[Extracted entries]
---------------

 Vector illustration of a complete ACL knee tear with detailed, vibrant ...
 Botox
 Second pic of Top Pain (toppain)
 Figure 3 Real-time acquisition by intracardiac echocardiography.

---------------

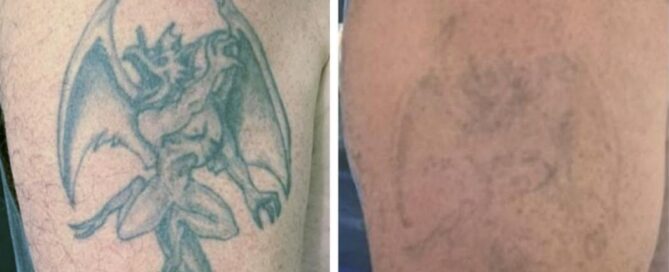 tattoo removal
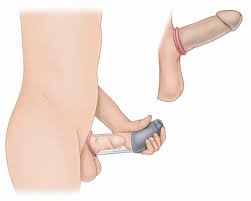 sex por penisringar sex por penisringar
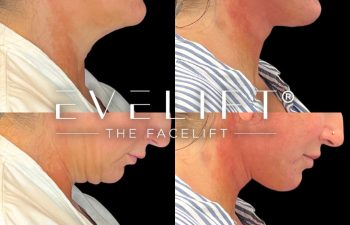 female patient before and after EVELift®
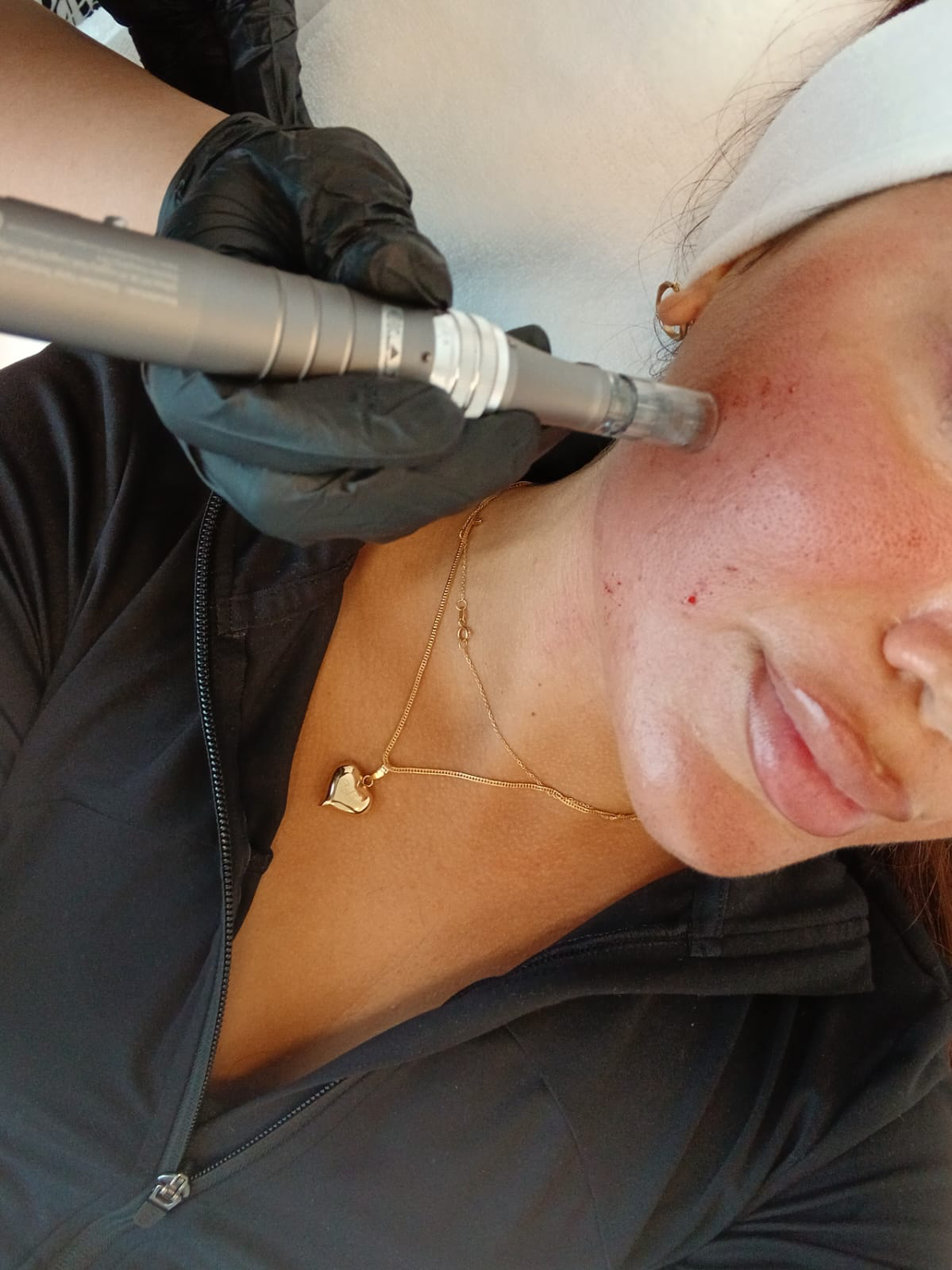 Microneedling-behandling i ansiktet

---------------

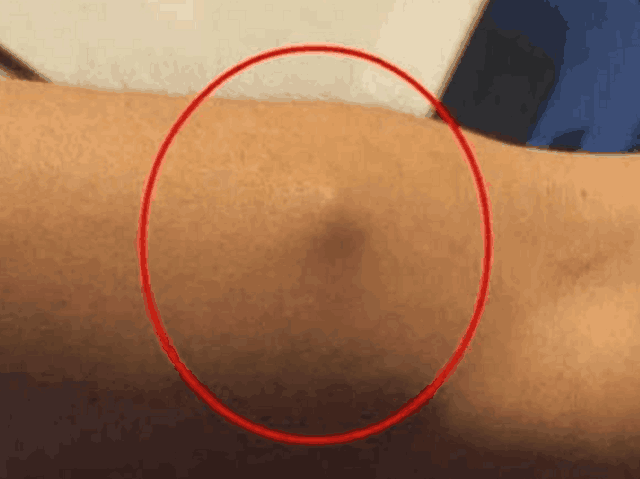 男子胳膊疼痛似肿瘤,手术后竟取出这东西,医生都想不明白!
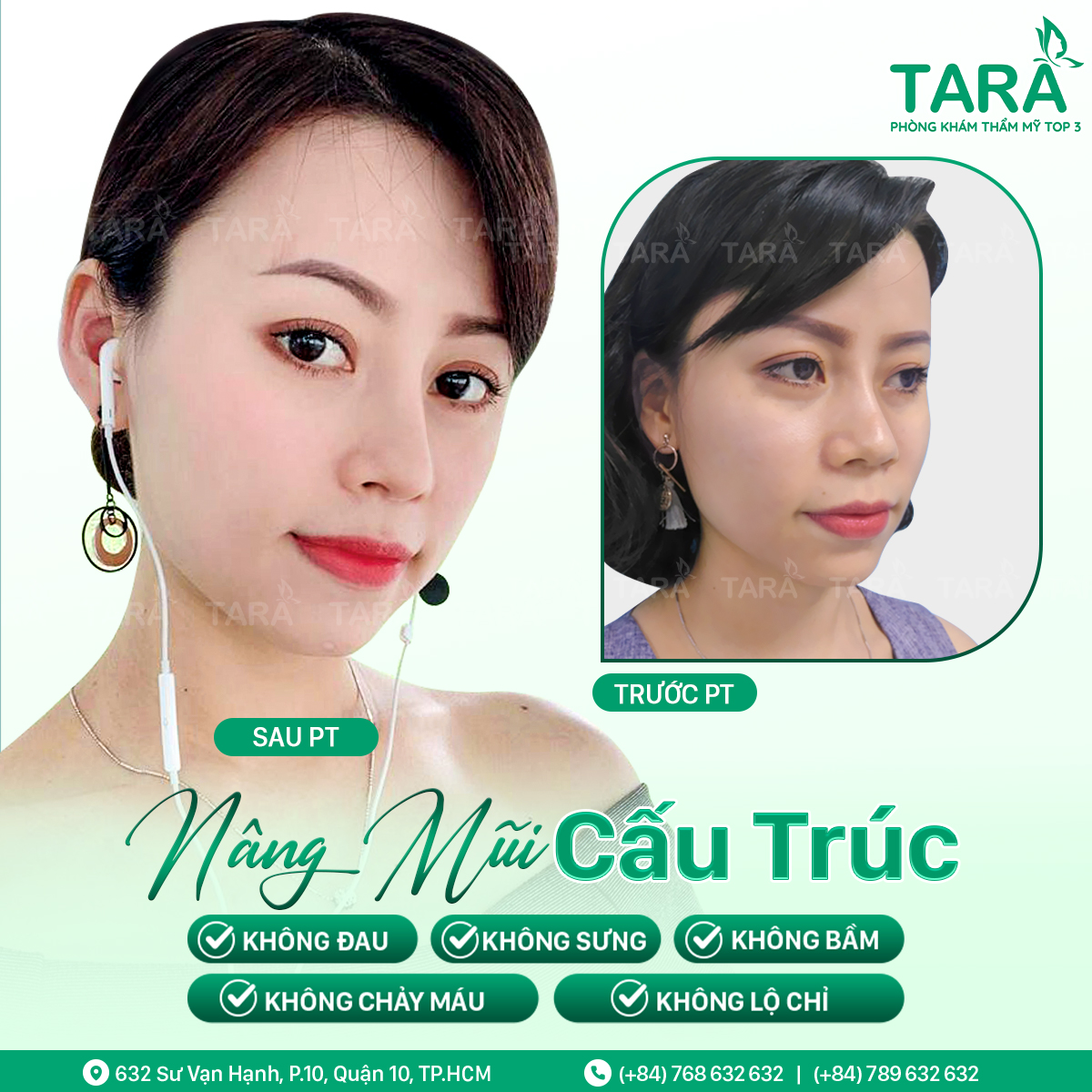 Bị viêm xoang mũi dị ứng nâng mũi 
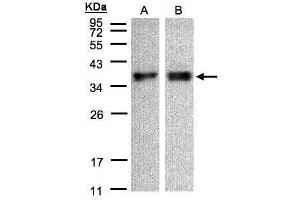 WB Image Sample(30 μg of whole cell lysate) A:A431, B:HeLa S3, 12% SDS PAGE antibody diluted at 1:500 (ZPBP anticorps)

---------------

[Task objective] Output the lines of the records above exactly as they appear, from the line containing "Vector illustration of" through the line containing "Figure 3 Real-time".

[Written reply]
 Vector illustration of a complete ACL knee tear with detailed, vibrant ...
 Botox
 Second pic of Top Pain (toppain)
 Figure 3 Real-time acquisition by intracardiac echocardiography.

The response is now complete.